NMMU to get new palaeoscience centre
FINDING answers to fundamental evolutionary questions will be the core objective of the new Centre for African Palaeoscience set to be established at NMMU.
The new centre, which was announced at a launch at the NMMU south campus yesterday, will take the form of an interdisciplinary academic collaboration and will serve as a platform for research and studies in palaeoscience. It will also be an intellectual and logistical base for field studies which are set to be conducted on South Africa’s east coast.
While more of an academic grouping than a physical build- ing, the centre will in future have a laboratory through which physical research will be conducted. The centre will also ultimately facilitate palaeoscience studies up to doctoral level.

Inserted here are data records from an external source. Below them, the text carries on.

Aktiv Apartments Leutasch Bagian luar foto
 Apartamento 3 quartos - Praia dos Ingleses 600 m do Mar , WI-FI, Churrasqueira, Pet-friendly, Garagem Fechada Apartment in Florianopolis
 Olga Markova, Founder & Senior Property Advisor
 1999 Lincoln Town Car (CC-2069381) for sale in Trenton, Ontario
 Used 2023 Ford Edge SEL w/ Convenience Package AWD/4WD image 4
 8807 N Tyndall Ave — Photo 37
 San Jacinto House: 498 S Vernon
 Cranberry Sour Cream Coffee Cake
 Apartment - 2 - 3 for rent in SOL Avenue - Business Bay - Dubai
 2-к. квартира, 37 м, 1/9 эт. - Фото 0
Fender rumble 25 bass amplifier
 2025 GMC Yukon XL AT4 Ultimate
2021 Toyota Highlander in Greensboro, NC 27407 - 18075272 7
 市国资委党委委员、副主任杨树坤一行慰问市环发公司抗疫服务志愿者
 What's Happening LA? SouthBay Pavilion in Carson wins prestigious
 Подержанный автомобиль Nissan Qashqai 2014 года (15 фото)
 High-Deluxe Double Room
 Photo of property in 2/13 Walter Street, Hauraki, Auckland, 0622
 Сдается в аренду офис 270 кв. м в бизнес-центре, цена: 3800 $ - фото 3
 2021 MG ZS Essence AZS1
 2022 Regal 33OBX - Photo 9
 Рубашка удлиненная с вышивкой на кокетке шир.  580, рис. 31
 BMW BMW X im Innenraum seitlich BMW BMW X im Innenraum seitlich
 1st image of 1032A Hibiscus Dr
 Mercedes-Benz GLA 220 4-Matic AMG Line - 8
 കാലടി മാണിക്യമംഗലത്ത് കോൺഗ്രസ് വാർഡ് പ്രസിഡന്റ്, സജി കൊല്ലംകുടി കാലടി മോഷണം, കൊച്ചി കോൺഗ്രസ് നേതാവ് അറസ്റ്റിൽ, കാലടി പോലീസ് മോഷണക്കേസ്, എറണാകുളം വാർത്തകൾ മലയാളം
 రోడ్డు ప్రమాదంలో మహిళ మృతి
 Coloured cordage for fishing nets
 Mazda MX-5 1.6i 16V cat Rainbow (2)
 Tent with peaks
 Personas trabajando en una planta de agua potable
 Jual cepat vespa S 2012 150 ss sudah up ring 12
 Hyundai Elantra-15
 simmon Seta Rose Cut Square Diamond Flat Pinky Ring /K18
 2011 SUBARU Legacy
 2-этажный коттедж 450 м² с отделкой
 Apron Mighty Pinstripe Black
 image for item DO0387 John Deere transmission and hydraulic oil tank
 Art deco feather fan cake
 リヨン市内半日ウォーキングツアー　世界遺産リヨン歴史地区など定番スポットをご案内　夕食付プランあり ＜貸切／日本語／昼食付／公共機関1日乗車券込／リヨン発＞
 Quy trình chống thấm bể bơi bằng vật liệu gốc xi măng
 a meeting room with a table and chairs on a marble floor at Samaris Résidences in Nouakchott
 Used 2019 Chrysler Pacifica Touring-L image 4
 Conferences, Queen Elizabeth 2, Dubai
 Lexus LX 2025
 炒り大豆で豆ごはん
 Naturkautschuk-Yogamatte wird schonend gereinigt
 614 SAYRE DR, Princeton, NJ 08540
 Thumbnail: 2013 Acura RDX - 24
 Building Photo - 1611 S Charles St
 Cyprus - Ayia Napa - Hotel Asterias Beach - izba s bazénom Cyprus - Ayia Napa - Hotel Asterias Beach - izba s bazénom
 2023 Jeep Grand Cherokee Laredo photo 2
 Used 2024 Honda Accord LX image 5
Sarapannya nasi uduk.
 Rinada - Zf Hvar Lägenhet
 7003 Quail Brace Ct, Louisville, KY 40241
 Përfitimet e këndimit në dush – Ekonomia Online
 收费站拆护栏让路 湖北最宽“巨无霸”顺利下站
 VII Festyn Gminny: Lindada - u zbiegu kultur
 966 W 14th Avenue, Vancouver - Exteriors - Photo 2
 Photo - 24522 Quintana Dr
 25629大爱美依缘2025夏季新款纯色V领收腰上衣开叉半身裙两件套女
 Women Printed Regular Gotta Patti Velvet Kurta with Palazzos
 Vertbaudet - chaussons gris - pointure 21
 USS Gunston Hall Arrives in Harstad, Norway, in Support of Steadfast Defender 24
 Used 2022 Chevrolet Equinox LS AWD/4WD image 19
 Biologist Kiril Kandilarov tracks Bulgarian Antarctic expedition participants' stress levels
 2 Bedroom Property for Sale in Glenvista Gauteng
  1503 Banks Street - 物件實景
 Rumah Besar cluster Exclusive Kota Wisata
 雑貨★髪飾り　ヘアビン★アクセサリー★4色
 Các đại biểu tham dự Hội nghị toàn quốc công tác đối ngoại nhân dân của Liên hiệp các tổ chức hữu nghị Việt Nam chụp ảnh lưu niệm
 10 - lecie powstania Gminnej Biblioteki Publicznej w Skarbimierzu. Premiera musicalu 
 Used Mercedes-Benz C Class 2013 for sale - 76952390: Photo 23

Against the backdrop of the country’s position as a “cradle of mankind”, the centre’s work will focus on research conducted in coastal areas from west of Mossel Bay northeastwards as far as the Pondoland coastline.
According to NMMU spokeswoman Roslyn Baatjies, the university’s expanding team of researchers across several disciplines is ideally located to examine the biota of the southern and southeastern coasts of South Africa, which is being increasingly recognised as home to the earliest evidence of the emergence of modern humans.
The centre was launched with a lecture by leading palaeoanthropologist Professor Curtis Marean, of the Institute of Human Origins of Arizona State University, in the US. He is a frequent visitor to South Africa and a leading researcher of early modern humans in the Mossel Bay area.
The centre will build on the rich legacy of local and international research collaborations, to provide the interdisciplinary insights into what is probably “one of the most important evolutionary theatres globally”.